Nie cichną dyskusje wokół ujawnionego przez portal TagTheSponsor procederu wysyłania dziewczyn, które na Instagramie reklamują się jako modelki, do Dubaju, gdzie za równowartość "torebki za dwa klocki" uprawiają seks z bogaczami. Oburzenie budzi przede wszystkim to, że te panie nazywają się "modelkami" i są zapraszane do telewizji, podczas gdy są zwykłymi prostytutkami.
Głos w tej sprawie postanowiła zabrać też Ewa Minge.
Nie przeszkadza mi, co kto sprzedaje i jeżeli nikt nikogo do tego nie zmusza, to ciało pozostaje jego prywatną sprawą. Ale podszywanie się pod określoną grupę społeczną niszczy jej opinię i niewinne dziewczyny z modelingu mają natychmiast etykietę puszczalskich - komentuje w Super Expressie.
Przyznaje jednocześnie, że zna oficjalne pary, których związki oparte są na wymianie pieniędzy za seks. To jej jednak nie razi.

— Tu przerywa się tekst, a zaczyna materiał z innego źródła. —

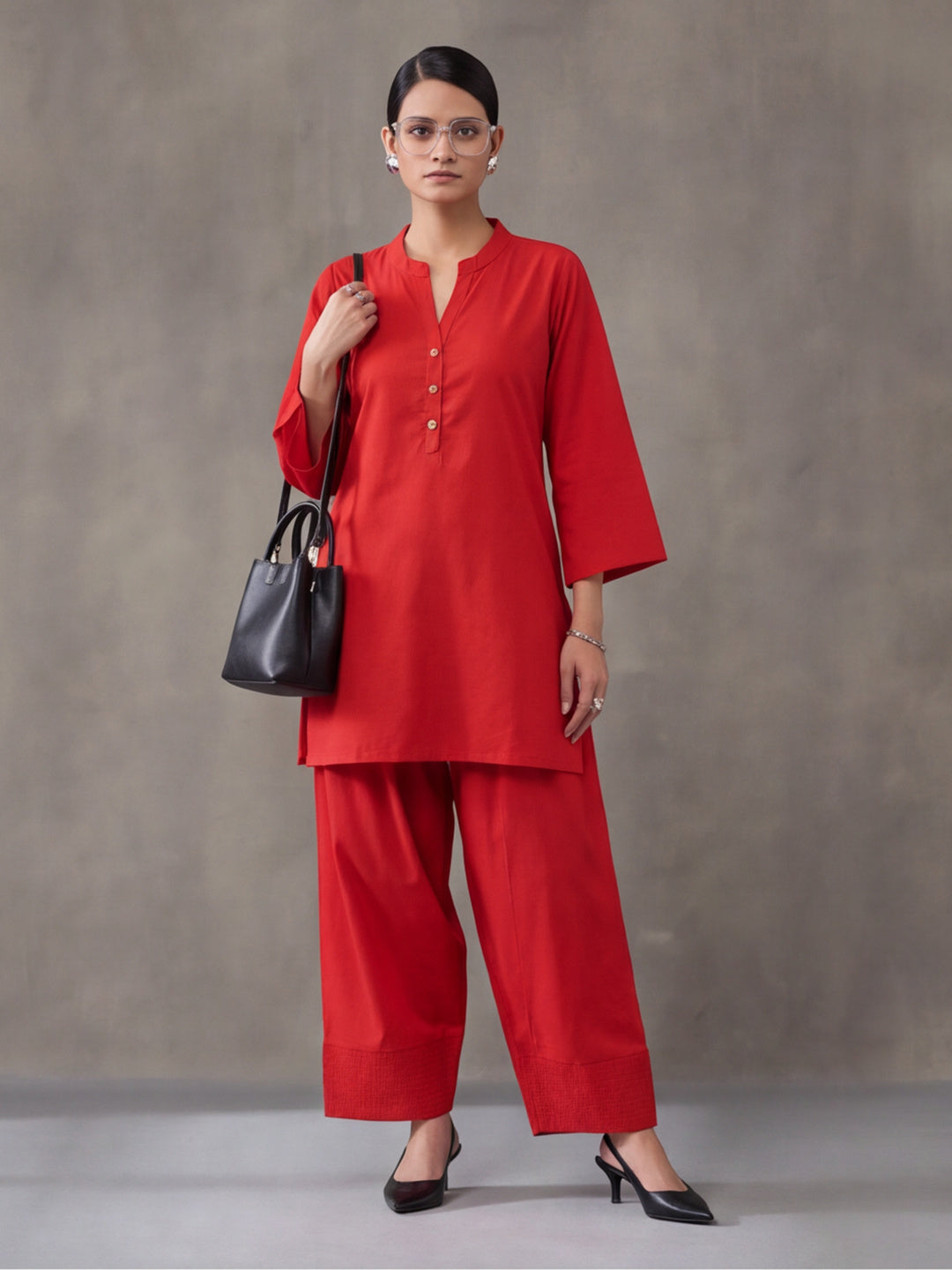 Solid Cotton Straight Kurta & Salwar Sets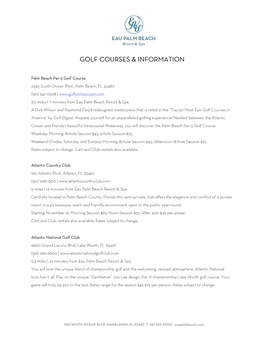 Golf Courses & Information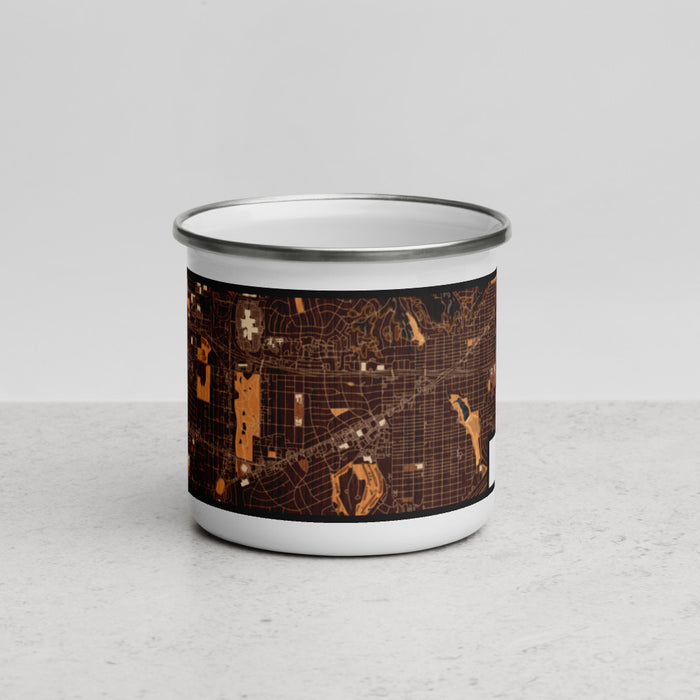 Front View Custom Ridglea Fort Worth Map Enamel Mug in Ember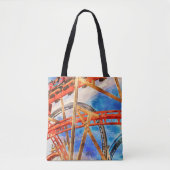 ローラーコースターのトートバッグ付きおもしろい トートバッグ (正面)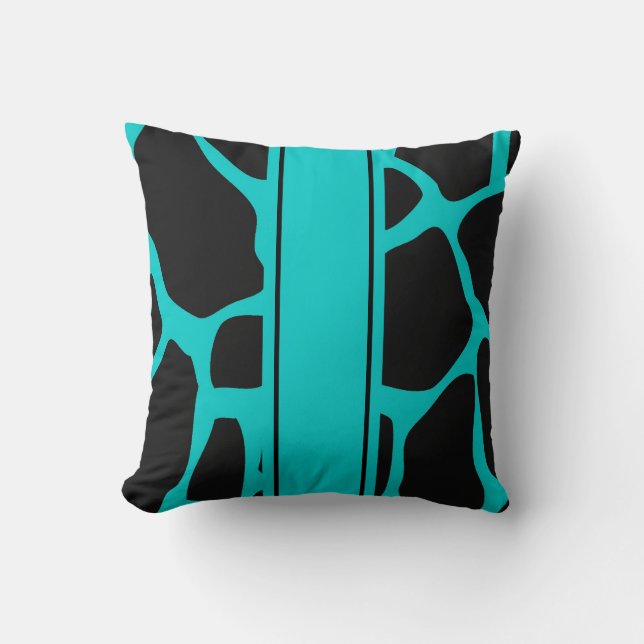 Cojín Decorativo Pillow Verde azulado azul Aqua negro vaca animal (Anverso)
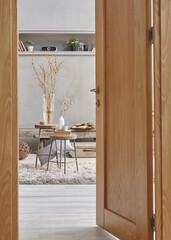 Close up door and living room background style, wood material, open the door.
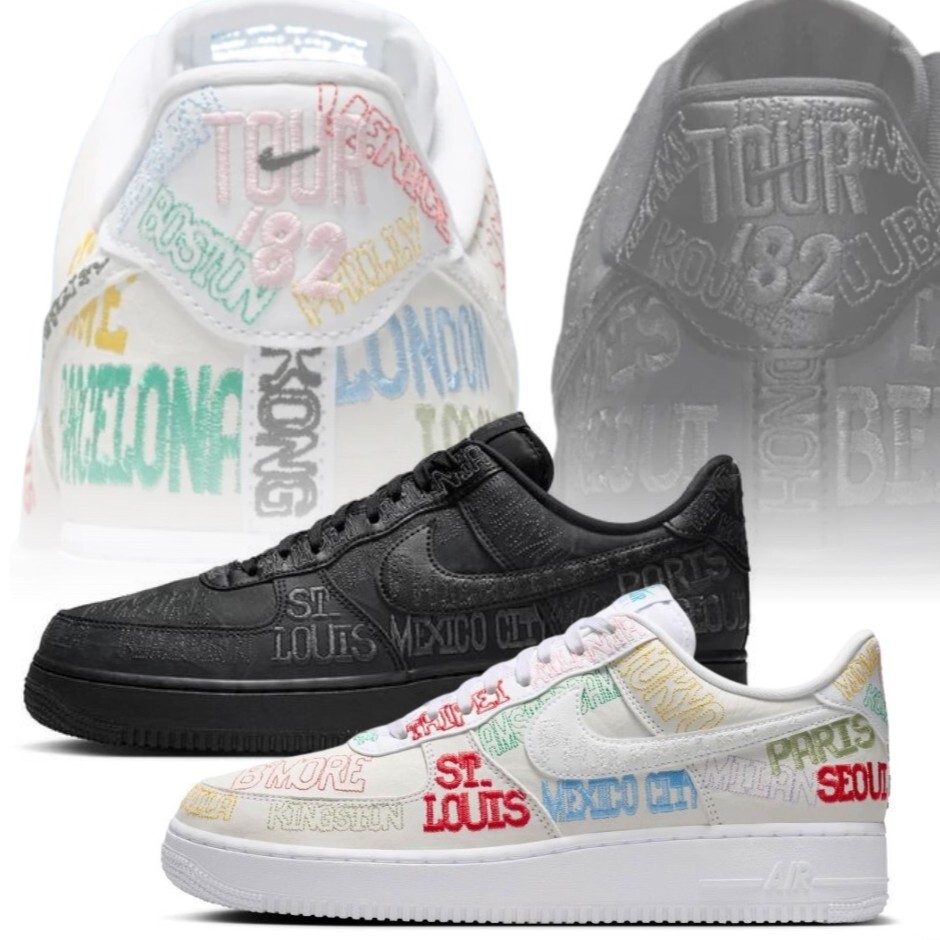 【逢甲 FUZZY】Nike Air Force 1 滿版塗鴉 全黑 II1549-001 白彩 II1549-100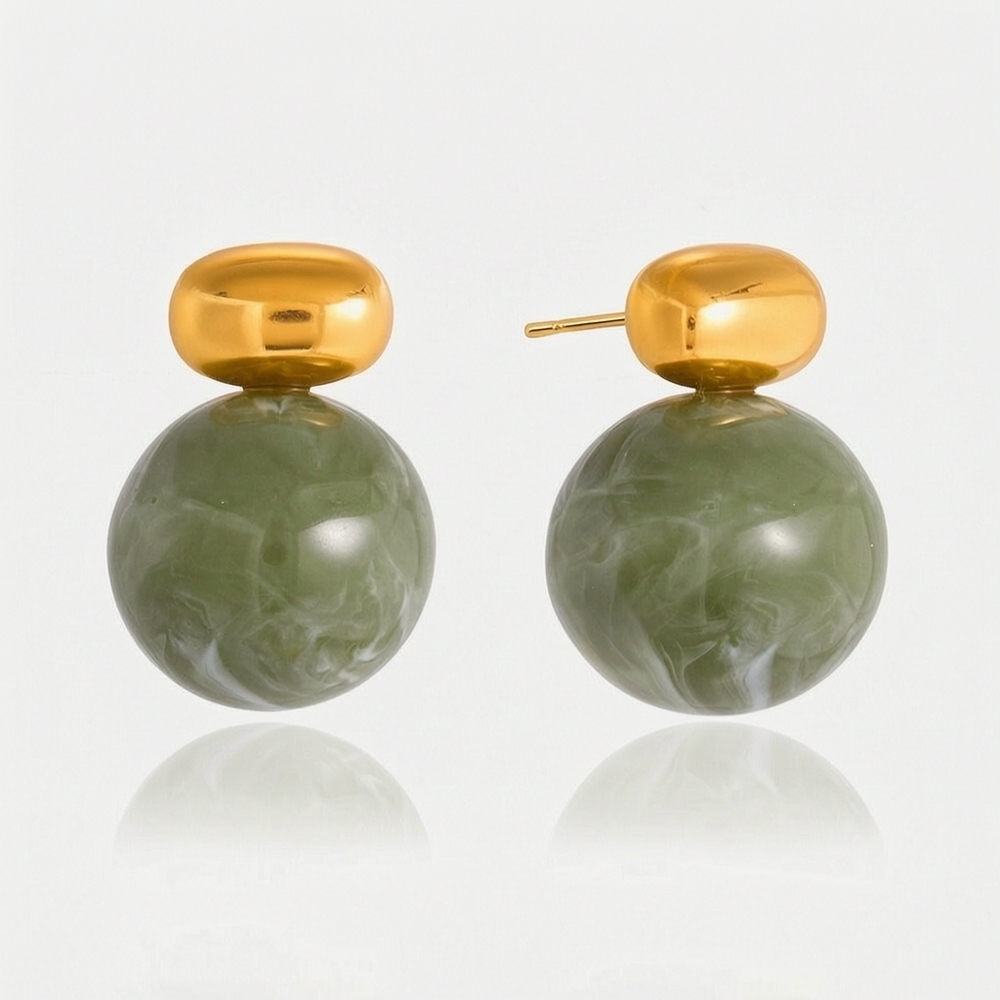 Boucles D'Oreilles Puces Rétro Ovales En Acier Inoxydable Doré Et Acrylique, Imperméables Et Anti-Ternissement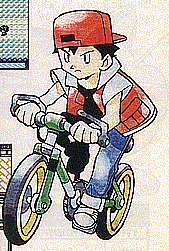 Ash riding a bike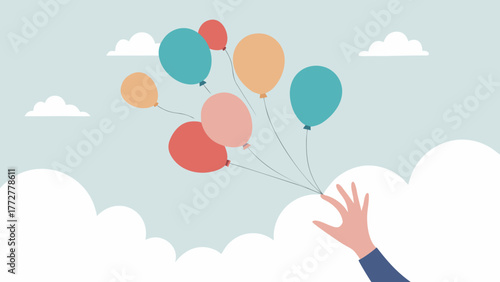 A minimalist illustration of a hand releasing a bunch of brightly colored balloons against a light sky with clouds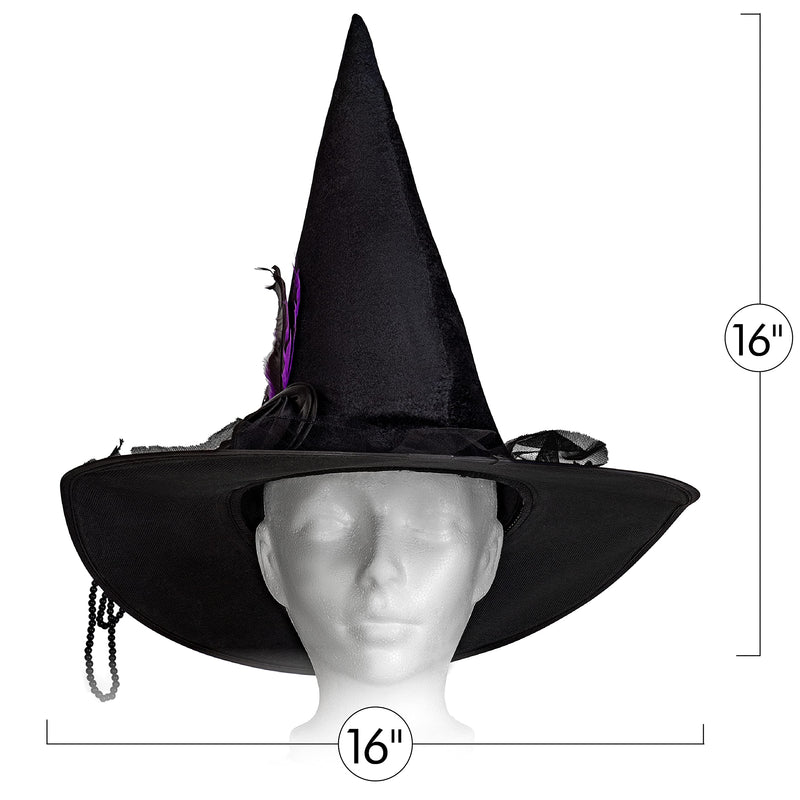 Deluxe Pointed Witch Hat - Glamorous Black Witches Accessories Fancy Velvet Hat with Flowers, Beads and Purple Feathers
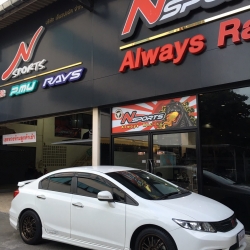 Honda Civic FB + ล้อเรย์ RE30 17x8+38 5-114.3 Bronze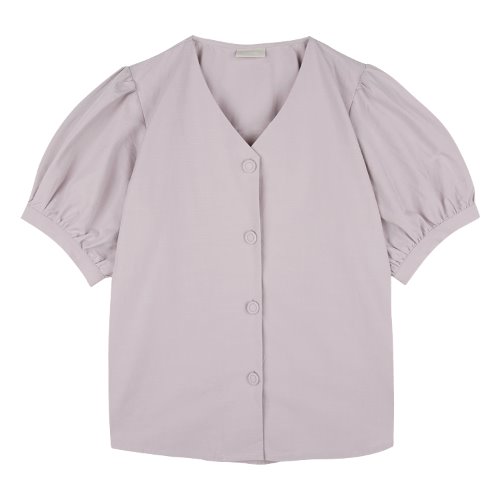 iuw748 puff sleeve half shirts (light purple)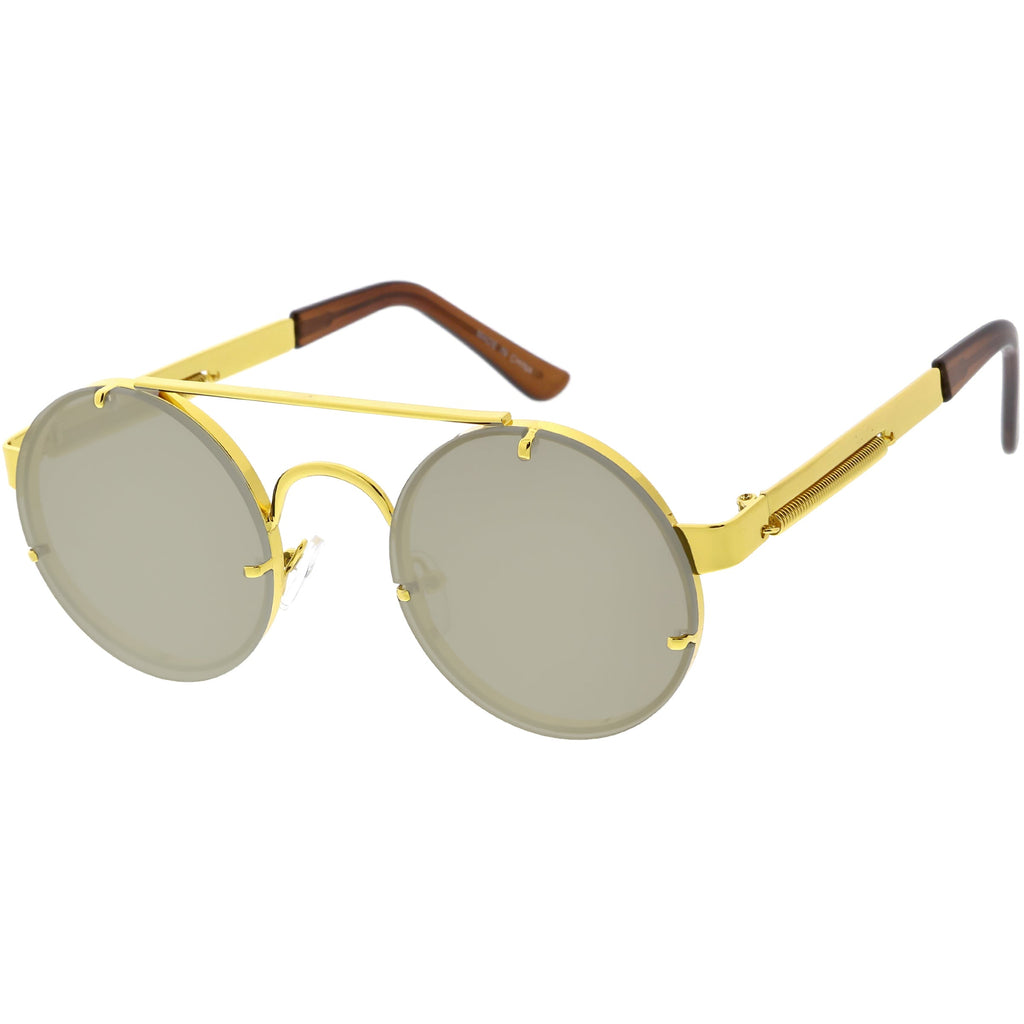 Retro Modern Steampunk Round Spring Temple Sunglasses C957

Owszem, znam przypadki, kiedy kobiety sprzedają się swoim panom i pozornie zakochana, cudowna para funkcjonuje na zasadzie oczywistego sponsoringu i dziewczyna ma płacone za towarzystwo. Nawet dziecko urodzi i pozwala sobie zrobić niejeden dziwny numerek, byle rachunek na koncie się zgadzał i liczba markowych gadżetów. Nie potępiam tego. Jest popyt i jest podaż - wyjaśnia projektantka. Jednak nie ma we mnie zgody na produkowanie na ściankach gwiazdeczek, które żyją z bywania i dawania. Marki zanim zatrudnią modelkę do kampanii, sprawdzają jej opinię i moralia. Paniom od zadań specjalnych radzę z twarzą chodzić odsłoniętą, skoro wybrały taki zawód, a nie podszywać się pod modelki.
Przypomnijmy, na czym polega ich "zawód": Polskie "modelki" sprzedawane arabskim szejkom! Za 25 tysięcy dolarów...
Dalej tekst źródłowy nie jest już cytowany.